Contributing

We greatly appreciate contributions and are happy to see you reading this section! This section explains the general workflow and has some documentation for development. If you need more information, please check out Github workflow for your contribution. To ensure a pleasant environment for everyone we ask that all our contributors adhere to the code of conduct.

The best way to get started is by looking at the Github Issues. See if there is an open issue you would like to work on. If so, please comment on the issue first to make sure no double work is done. If you are interested in adding or improving something unlisted, please open a new issue first. Describe the planned contribution to see if it fits within our vision of the package, and for discussion on its implementation.
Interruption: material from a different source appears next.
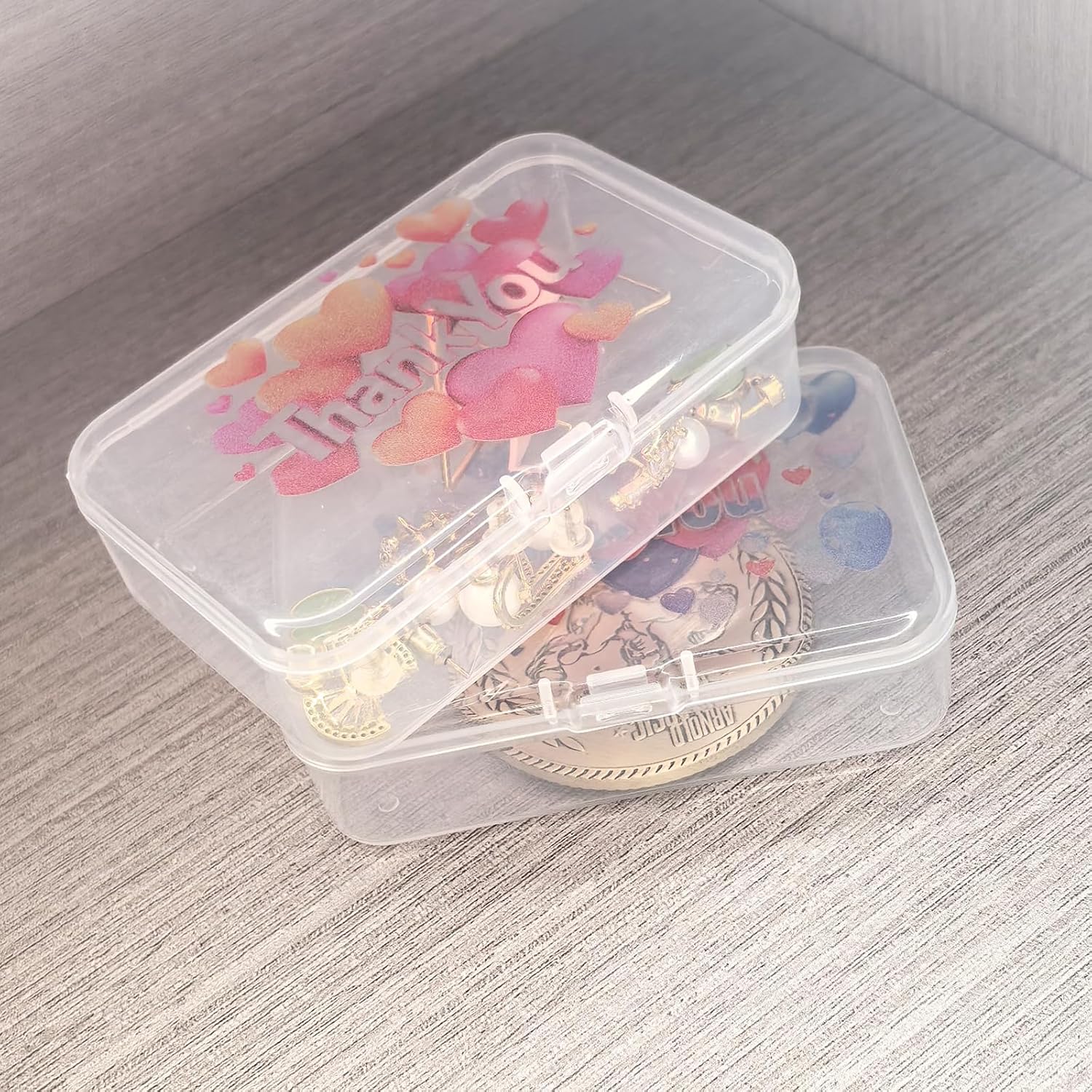 Goodma 12 Pieces Thank You Image Pattern Rectangular Plastic Boxes Empty Storage Organizer Containers with Hinged Lids for Small Items and Other Craft Projects, 3.3 x 2.2 x 1 inch (Transparent) - Image 5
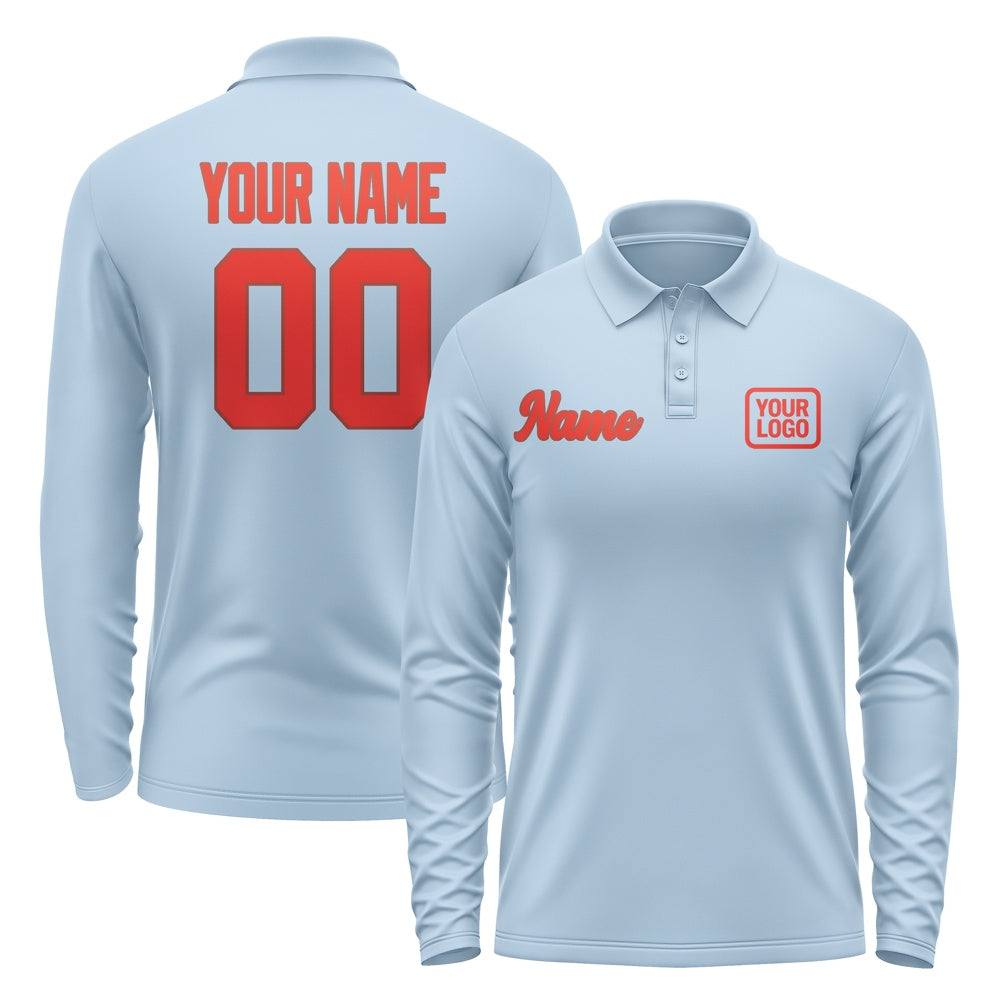Custom Light Blue Orange Red Long Sleeve Polo Shirt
Contributions should be developed on a separate branch created from the latest development branch. When you are finished, make sure all the unit tests work and the documentation is updated before submitting a pull request. In the pull request, mention the issue that discusses the contribution and please mention any additional information that might be useful for reviewing the changes.

Note

We recently blackened our code. Before that we maintained a 120 character line limit, which far exceeds the limit of 88 by black. Refactoring the code to read well at 88 characters is an ongoing process.

Github workflow for your contribution

The workflow GAMA maintains is described in more detail in this great blog post by @scott_lowe. Here follows a short version with little explanation, just some commands.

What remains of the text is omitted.